"O Triunfo da Morte" (Pieter Brueghel)
"Centenas de mortos, sob a forma de esqueletos, de esqueletos muito activos, estão ocupados a puxar para si outros tantos vivos. São personagens de toda a espécie, tomados no seu conjunto ou no detalhe, reconhecíveis no seu estatuto social, presos num imenso esforço cuja energia ultrapassa em muito a dos vivos para os quais se voltam. Sabe-se alias que vão ter êxito na sua tarefa, mas eles ainda não o conseguiram. Estamos do lado dos vivos, de quem gostaríamos de reforçar o poder de resistência, mas ficamos perturbados por os mortos parecerem mais vivos do que eles. A vitalidade dos mortos, se se pode chamar assim, só tem uma finalidade: atrair a si os vivos. Eles não se dispersam, não empreendem ora isto ora aquilo, há só uma coisa que querem, enquanto que os vivos estão agarrados à sua existência de tantas maneiras diferentes. Cada um se encarniça em alguma coisa, nenhum se rende, não encontrei neste quadro nenhum fatigado da vida, é preciso arrancar cada um para o arrastar para aquilo a que não se quer submeter. Herdei deles esta energia na defesa e, muitas vezes depois, tive o sentimento de que eu era todas estas pessoas juntas que resistem à morte."
"Le Flambeau dans l'oreille" (Elias Canetti)
O quadro que tanto impressionou Canetti é "O Triunfo da Morte" de Pieter Brueghel que se encontra no Kunsthistorisches Museum de Viena.
A relação de forças aqui descrita, entre os vivos e os mortos, não é a duma batalha ou de uma guerra civil.

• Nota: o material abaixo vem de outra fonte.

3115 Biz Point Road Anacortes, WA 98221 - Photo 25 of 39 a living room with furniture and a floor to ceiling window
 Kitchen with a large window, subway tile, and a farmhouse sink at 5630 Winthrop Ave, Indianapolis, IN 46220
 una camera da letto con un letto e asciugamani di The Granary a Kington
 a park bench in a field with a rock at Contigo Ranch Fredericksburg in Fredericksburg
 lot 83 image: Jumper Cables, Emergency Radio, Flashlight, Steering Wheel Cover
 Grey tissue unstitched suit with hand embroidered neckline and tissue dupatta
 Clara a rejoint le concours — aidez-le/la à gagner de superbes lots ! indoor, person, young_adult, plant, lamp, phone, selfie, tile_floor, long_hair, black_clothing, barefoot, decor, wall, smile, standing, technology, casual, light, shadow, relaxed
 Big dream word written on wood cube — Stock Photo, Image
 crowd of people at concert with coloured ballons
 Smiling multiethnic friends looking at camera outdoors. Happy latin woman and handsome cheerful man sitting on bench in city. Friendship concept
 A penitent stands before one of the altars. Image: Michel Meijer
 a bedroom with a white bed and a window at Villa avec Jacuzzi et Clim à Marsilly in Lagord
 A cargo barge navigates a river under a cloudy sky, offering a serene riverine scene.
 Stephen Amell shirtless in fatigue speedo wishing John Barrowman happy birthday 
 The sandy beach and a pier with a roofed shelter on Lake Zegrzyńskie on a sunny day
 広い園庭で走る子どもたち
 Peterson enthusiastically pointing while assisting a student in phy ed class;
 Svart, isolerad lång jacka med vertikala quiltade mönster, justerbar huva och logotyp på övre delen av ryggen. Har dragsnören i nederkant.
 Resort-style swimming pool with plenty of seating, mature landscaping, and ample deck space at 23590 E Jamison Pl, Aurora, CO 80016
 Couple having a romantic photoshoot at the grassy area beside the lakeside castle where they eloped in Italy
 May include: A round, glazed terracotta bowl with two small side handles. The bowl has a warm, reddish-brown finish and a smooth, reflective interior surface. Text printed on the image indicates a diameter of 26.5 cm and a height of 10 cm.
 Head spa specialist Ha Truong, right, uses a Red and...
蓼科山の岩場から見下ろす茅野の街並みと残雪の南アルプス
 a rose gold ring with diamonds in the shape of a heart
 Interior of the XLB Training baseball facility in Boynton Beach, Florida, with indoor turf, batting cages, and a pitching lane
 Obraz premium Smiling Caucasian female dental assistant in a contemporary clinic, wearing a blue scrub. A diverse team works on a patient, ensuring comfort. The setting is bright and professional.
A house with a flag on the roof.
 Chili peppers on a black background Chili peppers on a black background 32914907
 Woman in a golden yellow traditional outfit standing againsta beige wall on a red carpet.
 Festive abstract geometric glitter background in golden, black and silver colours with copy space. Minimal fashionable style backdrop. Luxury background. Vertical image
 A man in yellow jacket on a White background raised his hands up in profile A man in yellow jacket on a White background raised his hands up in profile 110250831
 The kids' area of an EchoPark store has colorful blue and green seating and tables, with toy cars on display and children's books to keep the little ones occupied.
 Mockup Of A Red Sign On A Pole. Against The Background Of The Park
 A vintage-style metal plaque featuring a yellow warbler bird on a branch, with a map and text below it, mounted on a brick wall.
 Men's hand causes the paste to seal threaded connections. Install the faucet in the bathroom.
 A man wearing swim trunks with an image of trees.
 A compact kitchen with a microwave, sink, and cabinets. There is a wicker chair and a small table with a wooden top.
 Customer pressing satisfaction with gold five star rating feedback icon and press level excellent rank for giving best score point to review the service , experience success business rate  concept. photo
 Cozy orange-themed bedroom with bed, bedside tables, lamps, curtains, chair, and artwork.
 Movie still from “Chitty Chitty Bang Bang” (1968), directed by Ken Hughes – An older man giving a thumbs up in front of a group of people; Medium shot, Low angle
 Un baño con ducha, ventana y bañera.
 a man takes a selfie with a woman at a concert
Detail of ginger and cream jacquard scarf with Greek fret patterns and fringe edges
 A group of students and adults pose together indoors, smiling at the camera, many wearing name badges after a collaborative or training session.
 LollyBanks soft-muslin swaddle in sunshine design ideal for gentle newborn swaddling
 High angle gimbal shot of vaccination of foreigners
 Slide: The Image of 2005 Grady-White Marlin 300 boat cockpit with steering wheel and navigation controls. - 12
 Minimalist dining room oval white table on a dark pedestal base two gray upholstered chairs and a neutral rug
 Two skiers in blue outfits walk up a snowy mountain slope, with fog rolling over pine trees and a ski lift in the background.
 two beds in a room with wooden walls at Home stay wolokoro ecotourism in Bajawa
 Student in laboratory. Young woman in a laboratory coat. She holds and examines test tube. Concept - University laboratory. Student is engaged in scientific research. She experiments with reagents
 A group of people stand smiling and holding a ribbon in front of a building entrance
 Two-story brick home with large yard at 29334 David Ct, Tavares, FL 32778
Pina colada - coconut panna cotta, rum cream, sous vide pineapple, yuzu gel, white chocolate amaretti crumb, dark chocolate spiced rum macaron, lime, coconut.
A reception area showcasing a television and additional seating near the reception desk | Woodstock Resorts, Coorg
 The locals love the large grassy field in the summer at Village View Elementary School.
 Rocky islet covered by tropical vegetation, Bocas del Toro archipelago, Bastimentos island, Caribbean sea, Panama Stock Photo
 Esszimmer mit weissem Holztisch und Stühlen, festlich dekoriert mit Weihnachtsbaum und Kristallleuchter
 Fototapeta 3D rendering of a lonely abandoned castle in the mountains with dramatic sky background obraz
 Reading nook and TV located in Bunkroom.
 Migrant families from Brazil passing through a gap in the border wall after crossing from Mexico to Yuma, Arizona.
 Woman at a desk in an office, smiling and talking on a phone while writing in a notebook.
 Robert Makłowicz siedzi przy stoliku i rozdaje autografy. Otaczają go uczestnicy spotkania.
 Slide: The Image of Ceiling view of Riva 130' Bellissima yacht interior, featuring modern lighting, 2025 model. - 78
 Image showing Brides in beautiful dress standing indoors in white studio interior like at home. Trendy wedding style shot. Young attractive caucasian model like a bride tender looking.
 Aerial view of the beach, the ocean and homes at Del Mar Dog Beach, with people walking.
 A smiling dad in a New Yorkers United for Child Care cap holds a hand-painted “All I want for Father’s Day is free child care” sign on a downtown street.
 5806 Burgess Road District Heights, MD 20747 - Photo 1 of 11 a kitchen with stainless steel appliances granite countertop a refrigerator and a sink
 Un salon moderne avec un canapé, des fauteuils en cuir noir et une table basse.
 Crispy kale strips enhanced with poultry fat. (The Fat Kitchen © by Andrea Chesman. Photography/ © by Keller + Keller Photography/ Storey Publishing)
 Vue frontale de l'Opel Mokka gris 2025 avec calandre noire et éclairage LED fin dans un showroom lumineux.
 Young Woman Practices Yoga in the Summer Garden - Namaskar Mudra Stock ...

A concentração da morte numa única tarefa tem tudo do reino industrial, duma espécie de taylorismo macabro que faz pender a balança, irremediavelmente, para o lado dos esqueletos.
Os vivos querem viver e, por isso, descuram a organização e a produtividade, coisas a que só se submetem forçados pela necessidade. Se olharmos para os enormes sucessos nos diversos campos em que podemos aplicar o nosso conhecimento e a nossa técnica, reconhecemos algo daquela obcecação dos mortos de Brueghel. É outra maneira de constatar o entrelaçamento entre a vida e a morte.
A morte como virtualidade ou como contrário da vida é, sem dúvida, demasiado abstracta, embora seja sob essa forma que alimenta os nossos mitos.